**AVAILABLE DATA**.
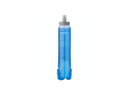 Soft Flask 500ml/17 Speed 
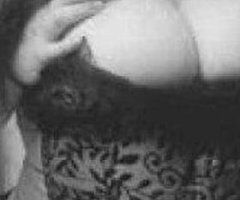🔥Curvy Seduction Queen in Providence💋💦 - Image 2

* * *

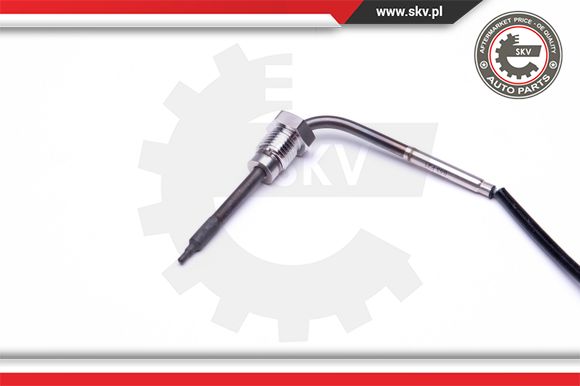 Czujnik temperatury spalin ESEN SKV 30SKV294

* * *

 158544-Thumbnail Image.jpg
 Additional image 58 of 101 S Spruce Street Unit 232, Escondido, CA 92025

**PROBLEM STATEMENT**.
Look above for the line with "Soft Flask 500ml/17 Speed", then give again exactly every line from there through the line with "Providence💋💦 - Image 2", skipping the pictures.

**ANSWER**.
 Soft Flask 500ml/17 Speed 
🔥Curvy Seduction Queen in Providence💋💦 - Image 2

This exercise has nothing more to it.